Clinical Data Collection and Follow-Up

The clinical characteristics of patients were retrieved from the hospital’s electronic medical records. Collected variables included age, gender, hypertension, diabetes mellitus, dyslipidemia, left ventricular ejection fraction (LVEF), blood pressure, glucose levels, lipid profiles and blood cell counts.

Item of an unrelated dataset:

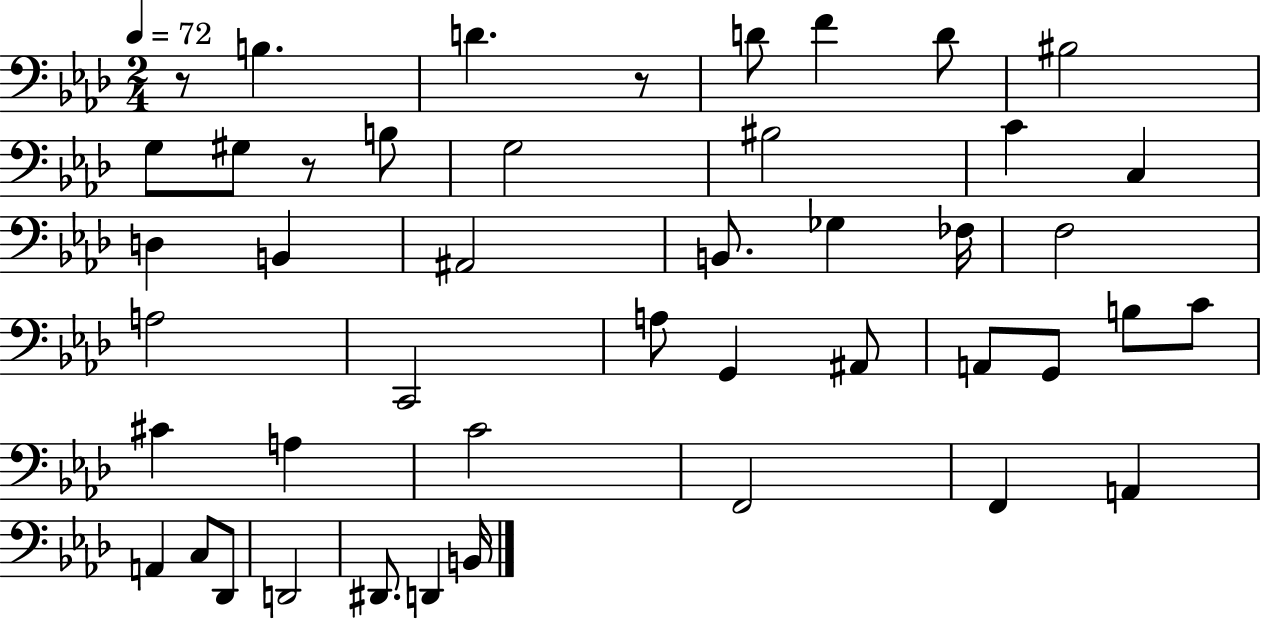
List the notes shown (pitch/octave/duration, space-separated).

R/e B3/q. D4/q. R/e D4/e F4/q D4/e BIS3/h G3/e G#3/e R/e B3/e G3/h BIS3/h C4/q C3/q D3/q B2/q A#2/h B2/e. Gb3/q FES3/s F3/h A3/h C2/h A3/e G2/q A#2/e A2/e G2/e B3/e C4/e C#4/q A3/q C4/h F2/h F2/q A2/q A2/q C3/e Db2/e D2/h D#2/e. D2/q B2/s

One-year follow-up data for ACS patients were obtained from electronic medical records or through telephone interviews. The primary outcome measure was the incidence of major adverse cardiovascular events (MACE) including all-cause mortality, nonfatal myocardial infarction, target vessel revascularization, rehospitalization for angina or heart failure, and stent thrombosis.

Statistical Analysis

Statistical analyses were conducted using SPSS 20.0 (IBM Corp., Armonk, NY, USA). Data were presented as mean ± SD or number (percentage). The Shapiro–Wilk test checked the normality of continuous variables. Student’s t-test was used for continuous variables, and chi-square or Fisher’s exact test for categorical variables. The sample size, based on China’s ACS incidence of 1%, is approximately 95, with a significance level of α = 0.05 and a 2% margin of error. The correlation between exosomal mascRNA and clinical parameters were analyzed by Spearman correlation analysis. Logistic multivariate regression analysis was employed to assess the relationship between exosomal mascRNA and ACS risk. Receiver operating characteristic (ROC) curve analysis was employed to evaluate the diagnostic value of exosomal mascRNA for ACS. The one-year MACE-free survival was assessed using Kaplan–Meier analysis and the Log rank test, while multivariable Cox regression identified predictors of 1-year MACEs in ACS patients. A P-value < 0.05 was considered statistically significant.

Result

Characteristics of Study Subjects

The study included 140 ACS patients and 141 non-ACS, with baseline characteristics summarized in Table 1. There was no difference between the two groups regarding gender, age, hypertension, diabetes mellitus, and dyslipidemia. ACS patients exhibited higher levels of white blood cell (WBC), monocytes, neutrophils, Gensini scores, cTnI (P < 0.05), and lower LVEF compared to non-ACS group (P < 0.05).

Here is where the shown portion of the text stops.